Thursday, March 22, 2007

More geeky musings

winterspeak reader DL responds to my recent post on interest rates vs. time preference discount rates:
A future consumption good is always discounted to a present value by a rate of time preference independent of whether borrowed money is involved or not.While the discount rate involved is not identical to market interest rates, they cannot be truly independent of one another.
This is exactly right, and leads to the question: what is the relationship between the discount rate and market interest rate? It is true they cannot be truly independent, as to a certain degree your willingness to wait for something depends on how much you are compensated for waiting. On the other hand, they clearly are not the same thing either -- market interest rates bounce all over the place, whereas people's patience to wait for something is more constant.

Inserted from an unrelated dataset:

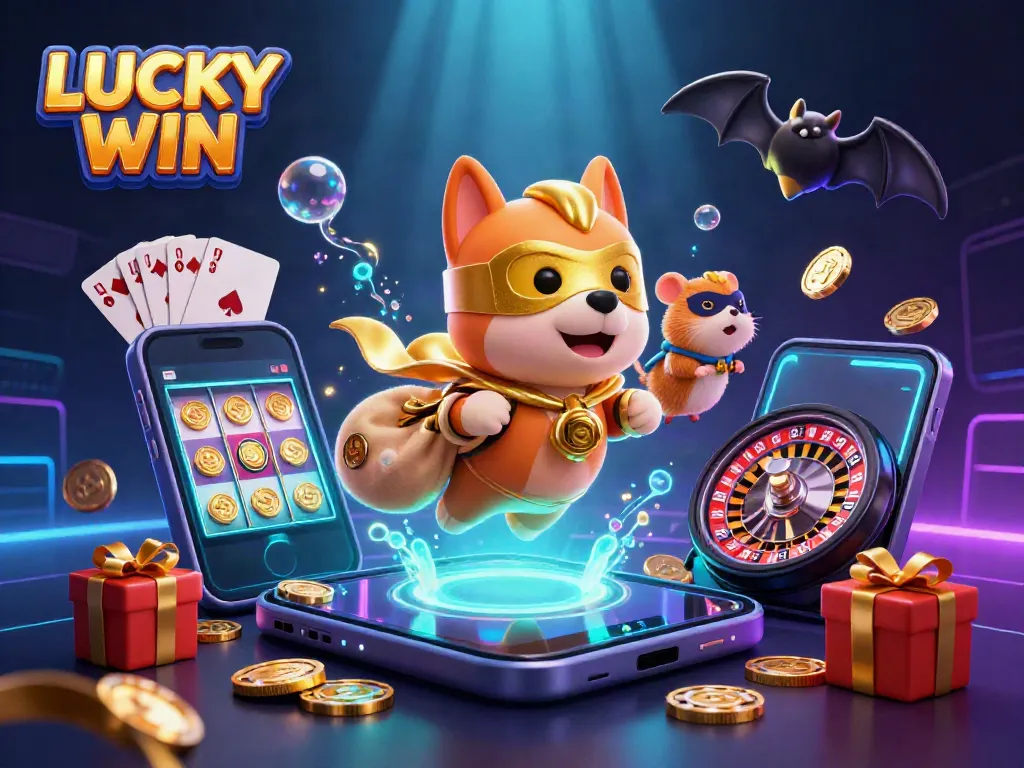 Engaging LUCKY WIN illustration with a superhero dog and hamster amidst dynamic casino elements.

It is also true that behavioral finance shows that people have inconsistent time preferences -- delaying between right now and later is a bigger deal than delaying between later and even later.

What happens when the interest rate is below the time preference discount rate (so the bank pays 1%, but you are discount at 5%). Do you move consumption forward? Alternatively, if the positions are reversed (the bank pays 10%, you still discount at 5%) do you delay consumption? And how much can you really shift consumption forward?

It's easy to delay consumption -- you just save and buy what you were going to buy anyway, later. But to move consumption forward it harder -- you cannot eat dinner twice today and not need to eat it tomorrow. Eating dinner twice today is increasing consumption, but not moving it forward. Apart from buying durable goods earlier, I'm not sure what else you can do.